The latest contributor to this web site has a pretty standard need for debt consolidation. Basically he spent some money on trips and home renovations, charged all of this to his credit cards and is now faced with high interest rates on the unpaid balance. Credit cards will charge upwards of 19% or more while personal loans are much lower. They can be as low as 3% at time of writing depending on credit ratings and any security that is provided by the applicant. This is a significant difference for anyone who is paying credit card debt. The savings could be put towards paying off this debt if he can be approved for a low interest debt consolidation loan.
This consumer appears to be in an excellent position to be approved for a debt consolidation loan. He has a secure job, makes decent money and has little debt other than his mortgage on his home in addition to the credit card debt. His car is paid for and he has always paid his monthly payments for utilities, taxes and debts on time. As a result he has a very good credit rating.
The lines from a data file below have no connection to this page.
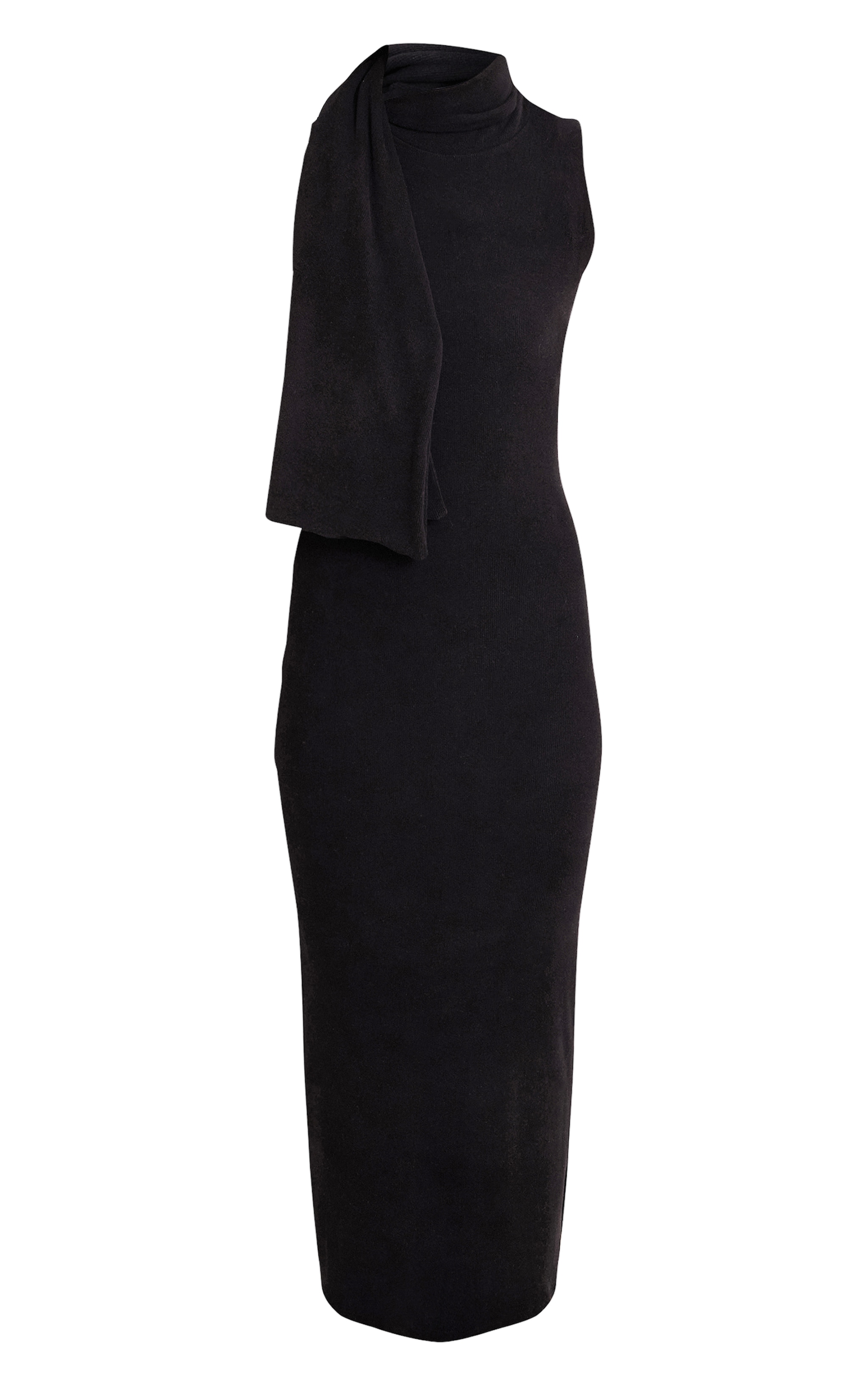 Black Wrap Neck Detail Maxi Dress image 5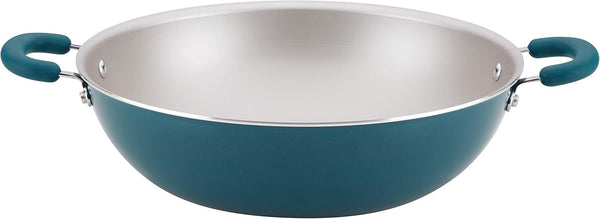 Create Delicious Nonstick Wok/Stir Fry Pan/Wok Pan - 14.25 Inch, Teal Blue Shimmer1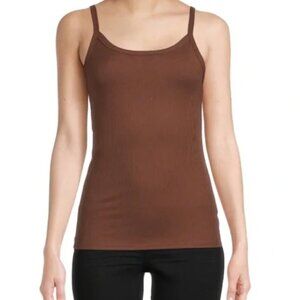 No Boundaries Junior's Rib Stretch Cami Tierra Brown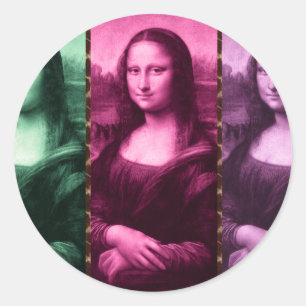 Sticker Rond Mona Lisa Poster de animal rose rose violet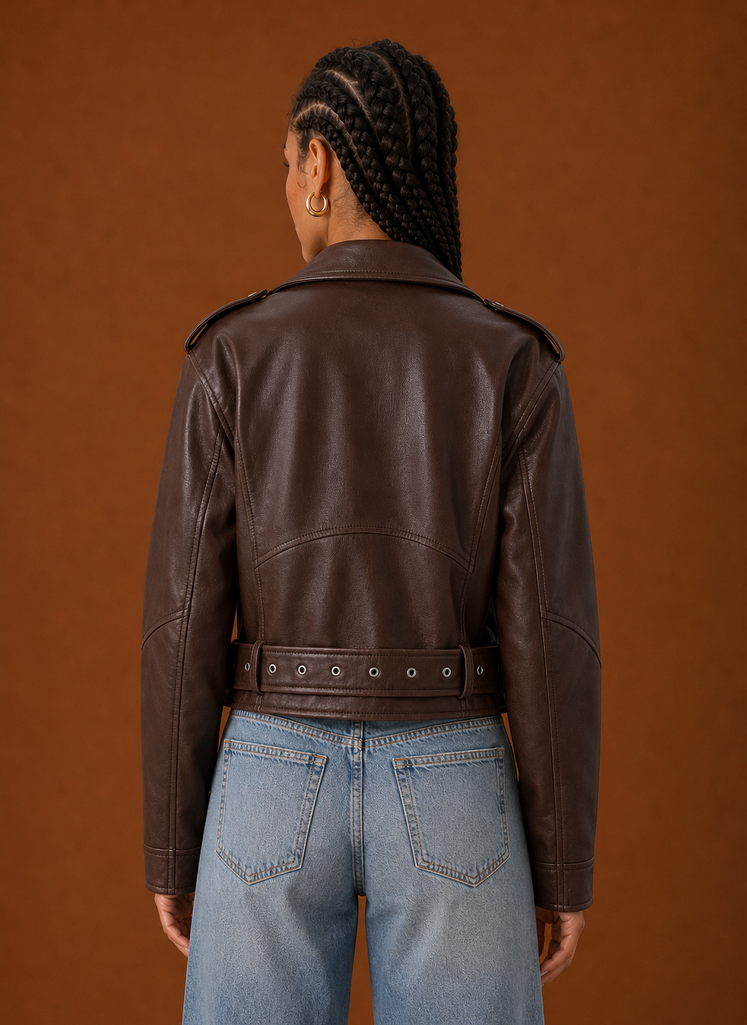 Back view of the Areleon women's moto jacket highlighting the clean lines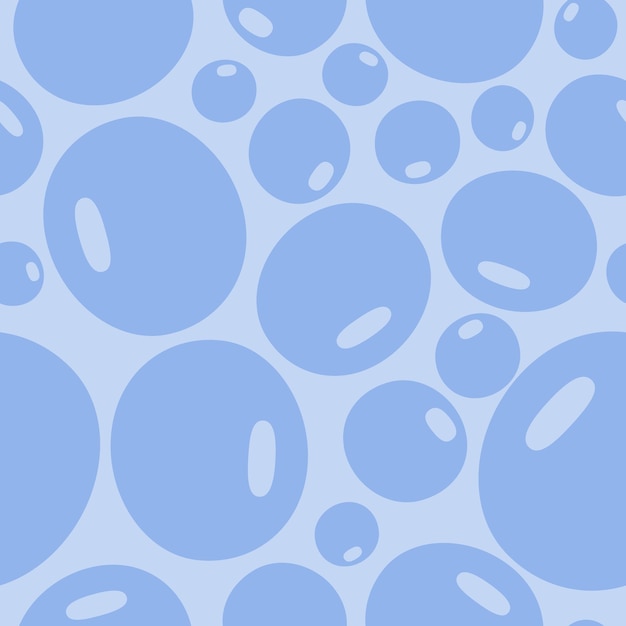 Бесшовный рисунок с синими пузырьками разного размера на светлом фоне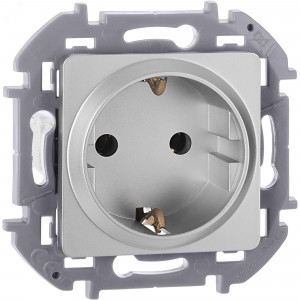 Розетка 1-м СП Inspiria 16А IP20 250В 2P+E немецк. стандарт механизм алюм. Leg 673722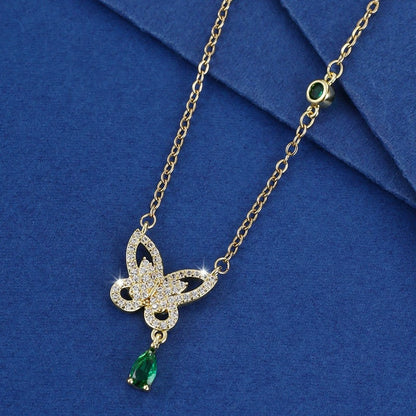 Butterfly Necklace For Women With Copper Pendant And Rhinestone Inlay On Cable Chain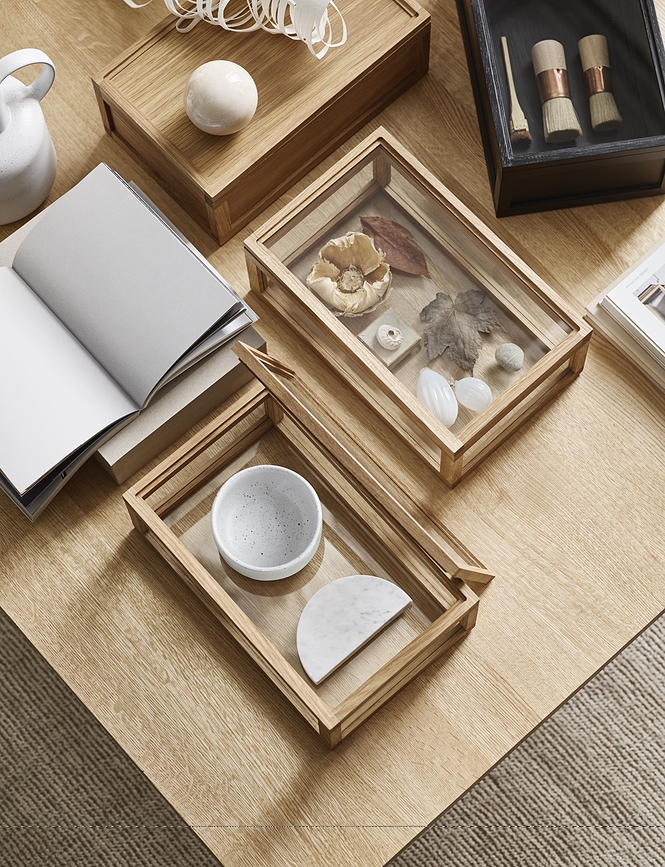 Norie Boîte de Rangement en bois, chêne naturel, avec couvercle en verre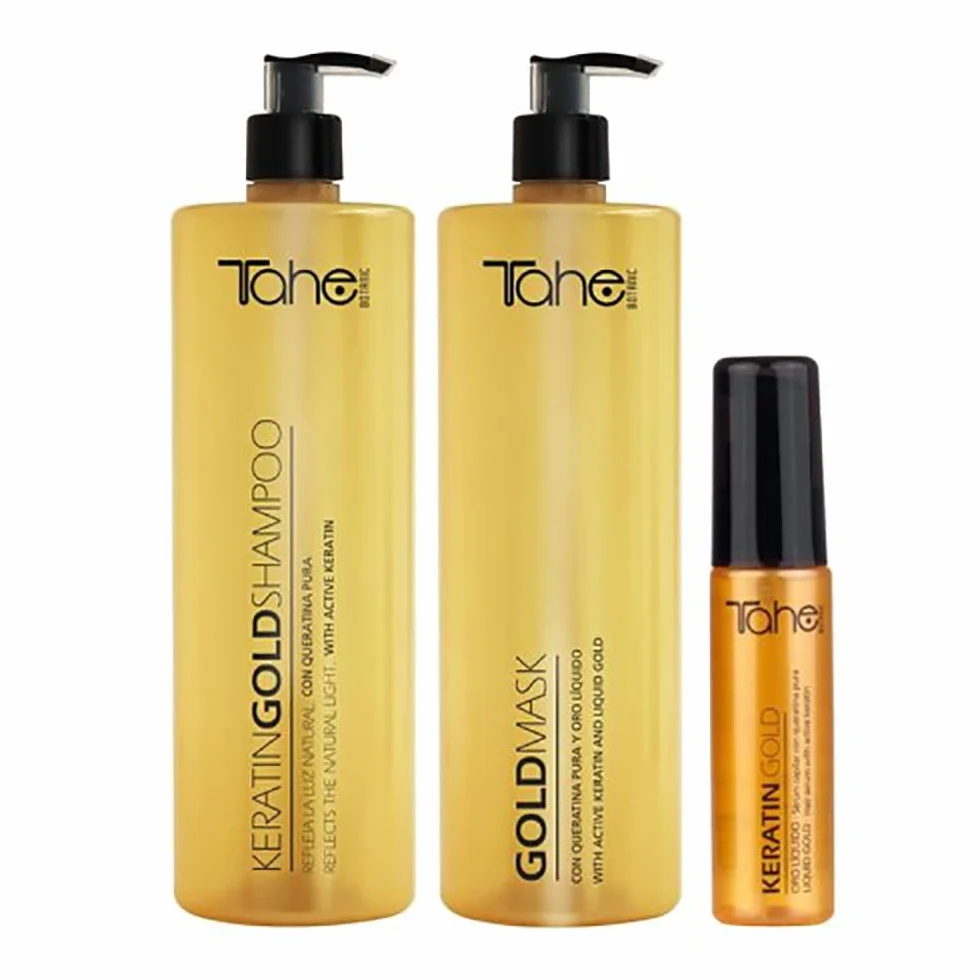 Tahe Pack Botanic Gold XXL Champú 1000 ml Mascarilla 1000 ml Sérum Keratin Gold 30 ml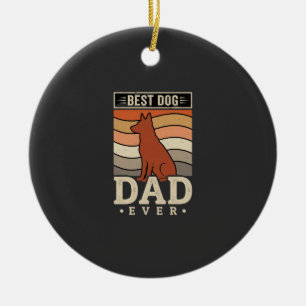 Best Dog Dad Ever Retro Silhouette Ceramic Tree Decoration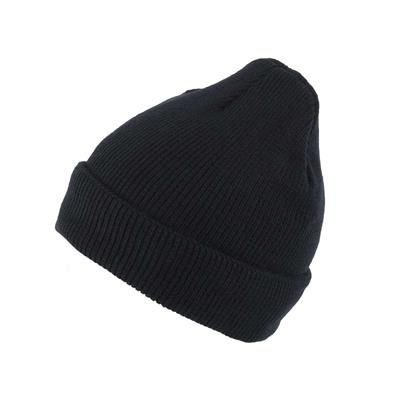 LINED KNITTED SKI HAT in Black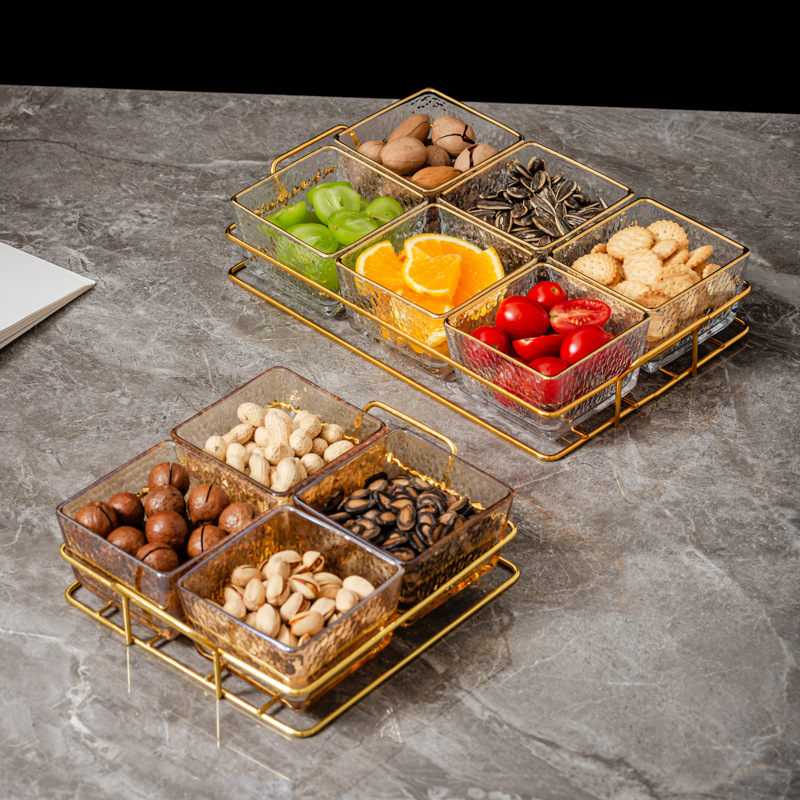 Plato de frutas acrílico sala de estar doméstica mesa de té de lujo ligero platos de refrescos de cuatro paneles nuevos bocadillos platos de nueces image 2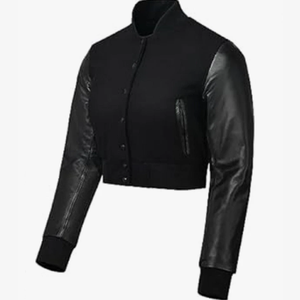 Veste universitaire noire pour femme, manches longues, col montant, couleur unie, coupe courte, pour l'automne - Product Image 3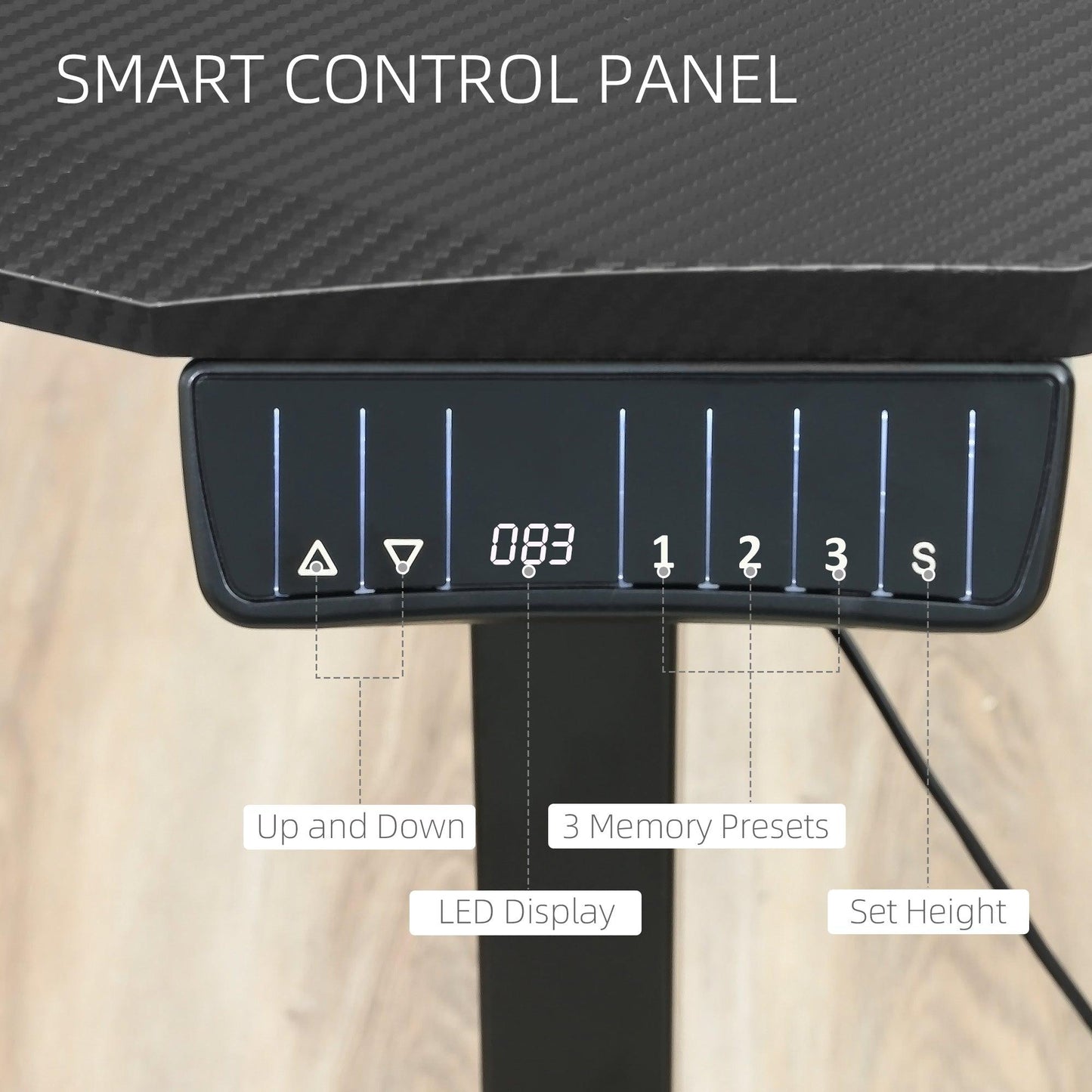 Vinsetto Electric Height Adjustable Standing Desk - 120x60 cm - Black - ALL4U RETAILER LTD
There are several potential solutions available for this consumer to consolidate his debt. The first is to assume a personal loan at the prevailing rates for unsecured loans and make the payments over a three to five year term. He will save money on interest, but this solution does not provide him with the flexibility he is looking for.
Another solution is to add the debt to his mortgage and spread the payments over 20 or 25 years. The disadvantage is that this will spread his payments over a long period of time and increase his mortgage. The advantage is that his monthly payments will be much lower and he will save a great deal of money on interest since the mortgage rate is secured and will be much lower.
The last solution is to apply for a line of credit, secure it with the equity in his home to obtain a low interest rate and draw on the loan as needed. This solution would allow him to consolidate his credit card debt at a low interest rate, save a great deal of interest and also provide him with the flexibility he needs to draw on the additional funds as needed when he plans to complete his additional renovation work.